The simultaneous release of two animated features, Beauty and the Beast and An American Tail: Fievel Goes West, reflects Hollywood’s current trend of entertainment that’s meant to be seen by all members of the family.

However, seeing the two films back to back, highlights Beauty and the Beast not only as the more notable achievement but also as one that can be equally enjoyed by children and adults. In quality, production values, and emotional involvement, there is no competition between the two movies. I am usually hesitant to describe a film as a gem, but in the case of Beauty and the Beast, the adjective seems justified.

Adapted from the classic fairy tale, Disney’s take of the story is innovative. Linda Woolverton’s script turns Beauty, now called Belle (Paige O’Hara) into a charming heroine. A bookworm frustrated by small-town life, she yearns for romance. Courted by a hideous-looking but ultimately well-mannered Beast, Belle must learn to see beyond appearances in order to break the spell of the enchanted Prince before he is destroyed by Gaston, her jealous and arrogant suitor.

The film’s skillful balance of romance, violence (especially in a vivid battle with wolves in the forest), comic relief, and style is most impressive.
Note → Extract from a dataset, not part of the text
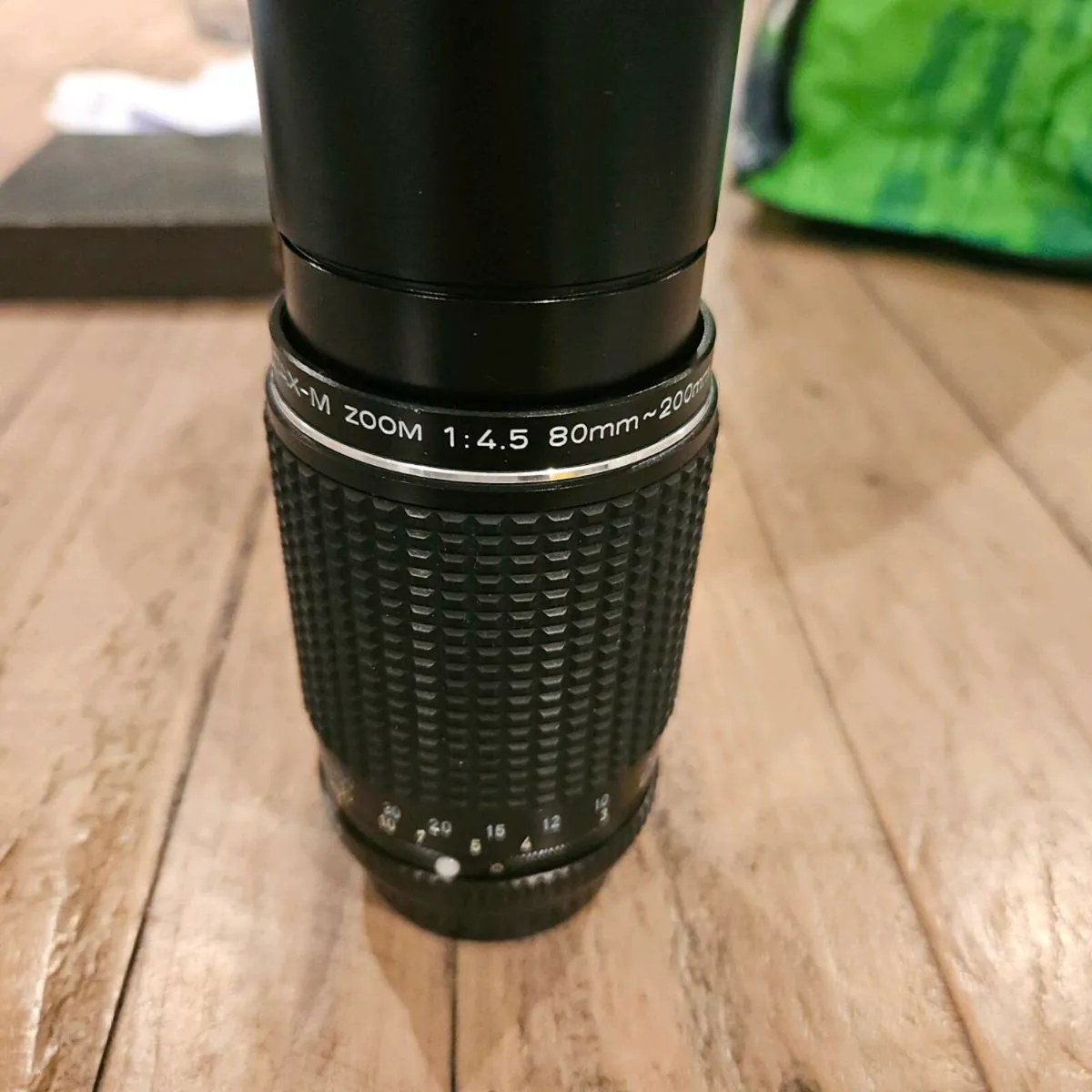 Pentax lens - Image 2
In the great tradition of such Disney classics as Cinderella and Sleeping Beauty, this feature introduces a host of memorable animated characters and original songs by Howard Ashman and Alan Menken (Oscar winners for The Little Mermaid).

The melodic score includes several hilarious songs, such as “Gaston.” “Be Our Guest,” a tribute to Hollywood musicals, enlivened by Jerry Orbach’s Maurice Chevalier-like routine as a living candlestick, is the show-stopping number.

Beauty is transformed into an independent and intelligent woman whose love for the Beast derives from her insight into his soul. The movie’s universal moral is, of course, the primacy of character over physical looks, of substance over appearance. But even this element is refreshingly treated, by presenting a handsome villain, which deviates from the conventions of such fables.

The voice track includes memorable work from stage and TV actress Angela Lansbury as Mrs. Potts, though the unexpected joy comes from Robby Benson’s deep-pitched characterization of the Beast.

Disney’s version bears little resemblance to Jean Cocteau’s 1946 haunting rendition of the fable, starring Jean Marais as the Beast. But the new movie may well be one of the best pictures Disney has produced during the entire decade. It’s on the level of 101 Dalmatians, and superior to The Little Mermaid.

Some of the film’s campiness and subtlety are no kids stuff, but, like all good works, the movie operates on multiple levels and can be enjoyed by viewers of all ages for different reasons.